▶ **Work item**
The answer is the data below, repeated exactly, with no pictures included.

▶ **The data**
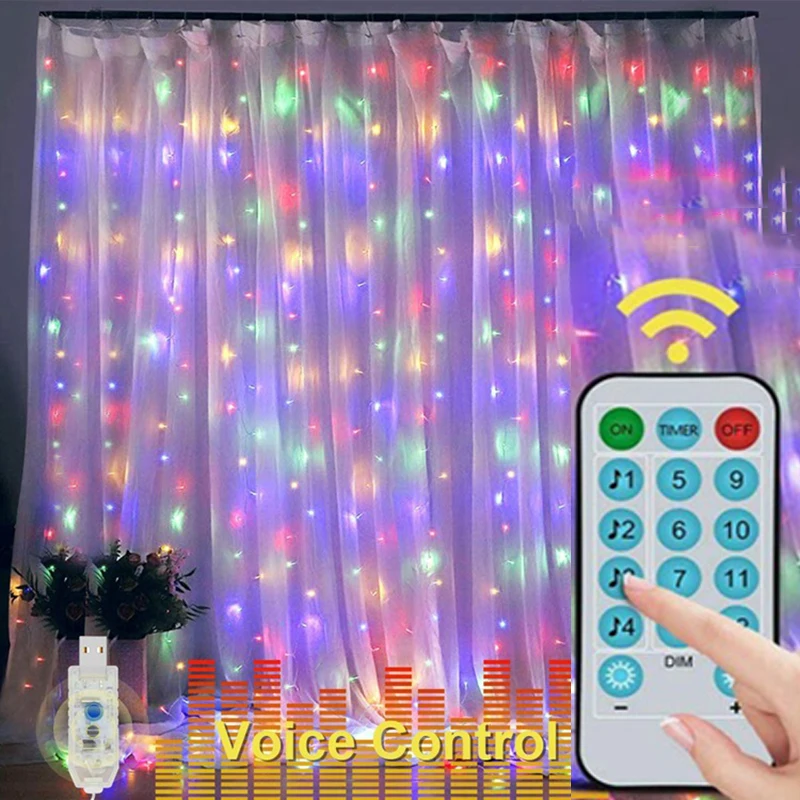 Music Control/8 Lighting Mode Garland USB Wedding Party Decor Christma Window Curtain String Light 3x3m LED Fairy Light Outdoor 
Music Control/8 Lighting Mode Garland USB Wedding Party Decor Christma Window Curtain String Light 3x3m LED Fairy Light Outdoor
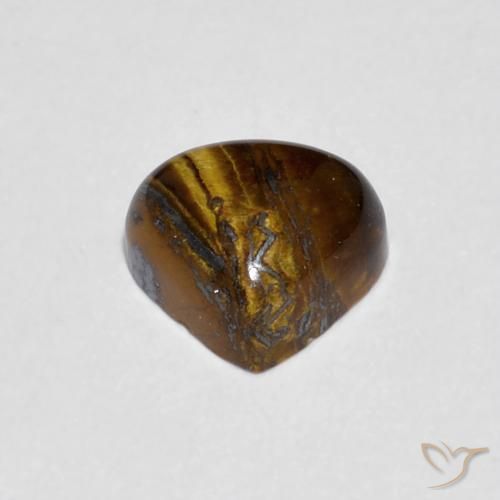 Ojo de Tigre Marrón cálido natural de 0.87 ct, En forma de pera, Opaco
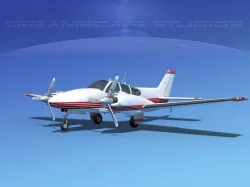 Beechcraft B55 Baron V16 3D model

▶ **Task result**
 Music Control/8 Lighting Mode Garland USB Wedding Party Decor Christma Window Curtain String Light 3x3m LED Fairy Light Outdoor 
Music Control/8 Lighting Mode Garland USB Wedding Party Decor Christma Window Curtain String Light 3x3m LED Fairy Light Outdoor
 Ojo de Tigre Marrón cálido natural de 0.87 ct, En forma de pera, Opaco
 Beechcraft B55 Baron V16 3D model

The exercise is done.